Two unintended benefits of the Chapter 11 filing, Andersen told the court, were the settlement of the chain's ongoing litigation with the United Food and Commercial Workers Union, “which stopped the floodgates of attorneys' fees,” he said; and the ability to reject leases or get concessions from landlords, “which gave more strength to the cash-flow projections.”
During the course of the bankruptcy Bashas' rejected 37 leases, modified the terms of 67 others and reduced the number of stores from 177 to 132. All stores are in Arizona, except for single locations in Needles, Calif., and Crownpoint, N.M.
Pending objections from dissenting parties, Bashas' is scheduled to formally emerge from Chapter 11 Saturday — two weeks short of 14 months after it filed for bankruptcy protection on July 12, 2009. On the day it emerges it will make the initial payment to creditors.
In a letter to Bashas' employees announcing confirmation of the reorganization plan, Edward N. Basha 3rd, vice president, retail operations, said the company was “humble, grateful and extremely pleased” that the plan had been accepted.
Although there was a 14-day window between Aug. 13, the day the plan was confirmed, and this Friday, the day by which any appeals must be submitted, Basha said the company has several initiatives that have been held up pending confirmation.
“Bashas' plans on moving forward,” he said in his letter.
The reorganization plan had the support of the chain's equity owners — nine members of the Basha family — plus a committee of unsecured creditors; opposing the plan were the chain's secured lenders.

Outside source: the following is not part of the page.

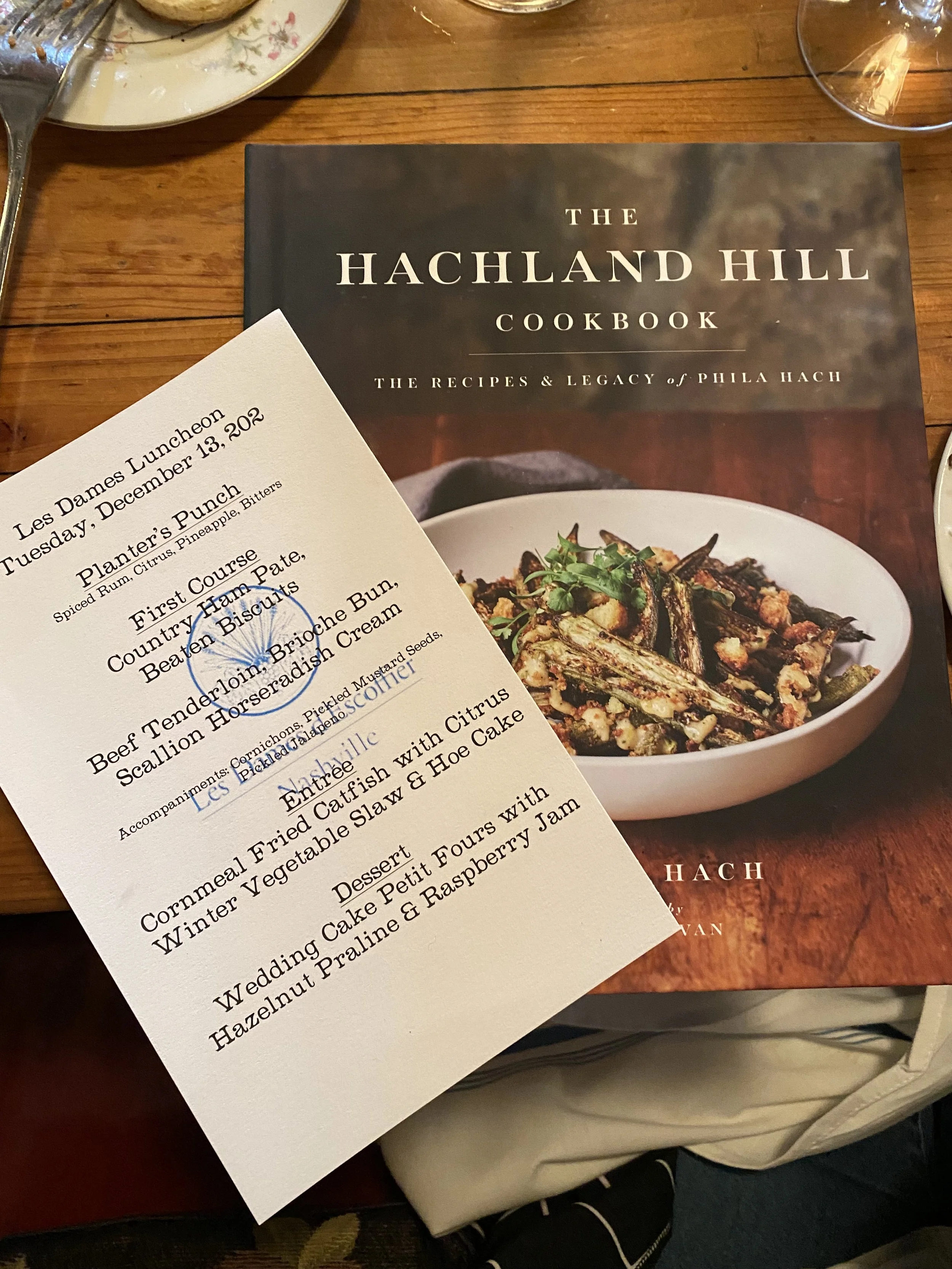  A picture of a menu sitting on top of the book The Hachland Hill Cookbook as part of a Les Dames Nashville lunch event at Cafe Margot in Nashville, TN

In his 78-page decision to confirm the reorganization plan, Judge Marlar said: “Though a bankruptcy proceeding represents the ‘dark side of capitalism,’ Chapter 11 allows for financial redemption.”

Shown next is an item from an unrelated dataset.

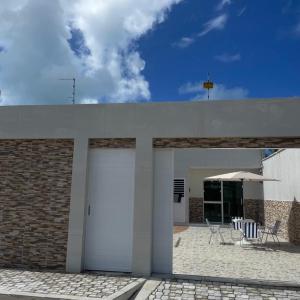 a building with two white garage doors and a patio at Rsolmar2023 in Tamandaré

He said delaying the reorganization process due to objections from the chain's secured creditors was unacceptable. “Not acting now would negatively affect any ability of [Bashas'] to reorganize due to the time delay, the ongoing burden of administrative expenses and the continuing uncertainty of [Bashas'] business and repayment plan.
“No competing or alternative plans have been proposed. Any new plan could not exceed the 100% payment plan now proposed. It would be futile to go back to the drawing board with an acceptable 100% repayment plan now before the court.

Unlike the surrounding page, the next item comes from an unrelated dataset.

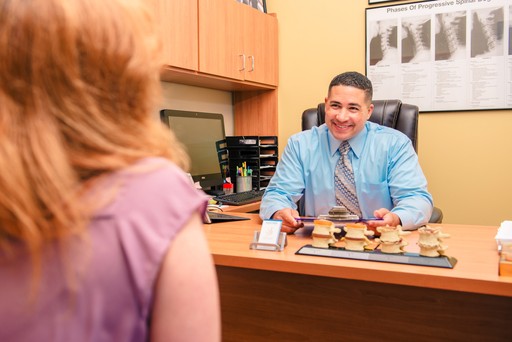 dr elliot cintron listening to a female patient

“In addition, this court recognizes that in cases of this magnitude … [and with] the number of Arizona jobs involved and with thousands of creditors, it is critical that this full-payment plan … be confirmed now.
“Further delay is not in anyone's best interest.”
According to the court documents, Bashas' initially ran into financial troubles in April 2009, when it was unable to meet its obligations “due to over-expansion and a general downturn in the national and Arizona economies.”
That prompted more intense scrutiny from its lenders, which led Bashas' to file for Chapter 11 protection.
In court testimony, Andersen said that when he returned to the company, he “searched for old-fashioned ways to turn the business around” to save jobs, pay off creditors and eliminate the company's “girth.”
His actions included reductions of 2% to 15% in salaries of all employees; cancellation of the corporate jet; modifications in the company's insurance programs; and even renegotiations of pest-control contracts. Through his efforts, he told the court, Bashas' cut its annual corporate budget by $57.6 million and generated additional one-time savings of $9.5 million — efforts that stopped the bleeding and enabled Bashas' to become profitable again, he noted.
Since then Bashas' has stayed within its budgets, the court said, “and positioned itself to emerge from bankruptcy as a leaner, more efficient enterprise. And importantly, it has become profitable.”
In court testimony, Christopher Linscott, the court-appointed financial advisor to the chain, said the company had actually reorganized itself over the past year and was positioned to meet the terms of the reorganization.
He also said Bashas' is “now properly positioned, from a managerial and operational standpoint, to enable the [reorganization] plan to work as contemplated,” especially given the fact it has operated for a year without post-petition financing or a revolving line of credit.